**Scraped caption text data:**

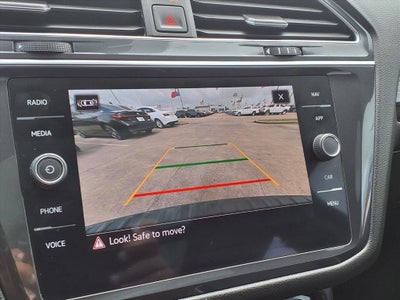 2022 Volkswagen Tiguan 2.0T SEL R-Line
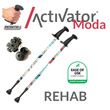 Urban Poling Activator Moda Nordic Walking Poles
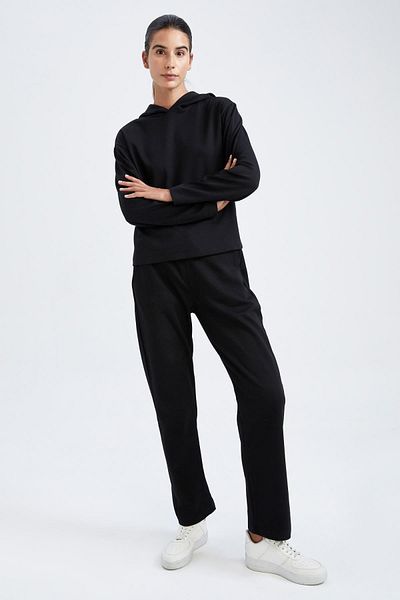 DeFacto Heavy Fabric Standard Fit Sweatpants - Z0889Az22Au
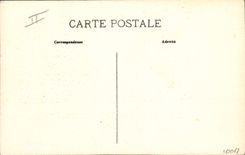 CPA Militaria Officier 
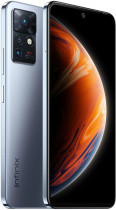 Смартфон INFINIX X6811 Zero X pro 128Gb 8Gb серебристый 3G 4G 2Sim 6.67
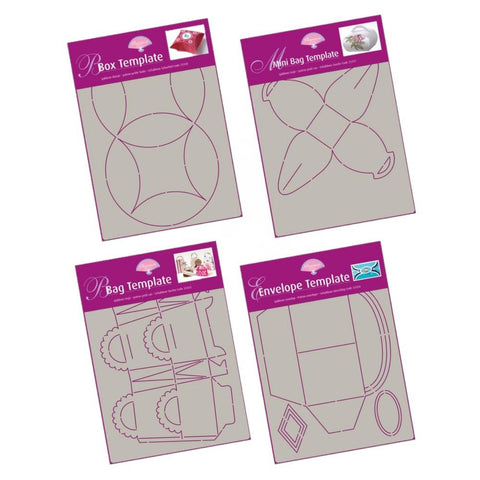 Pergamano Templates Collection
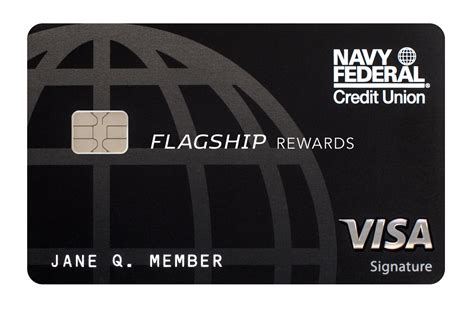 Maybe you would like to learn more about one of these? Navy Federal Re-Launches Visa Signature® Flagship Rewards Credit Card | Business Wire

**What you need to do:** Copy only the lines running from the one that holds "Смартфон INFINIX X6811" through the last line of the data, and include both of those lines. Do not copy any pictures.

**Exercise output:**
 Смартфон INFINIX X6811 Zero X pro 128Gb 8Gb серебристый 3G 4G 2Sim 6.67
 Pergamano Templates Collection
 Maybe you would like to learn more about one of these? Navy Federal Re-Launches Visa Signature® Flagship Rewards Credit Card | Business Wire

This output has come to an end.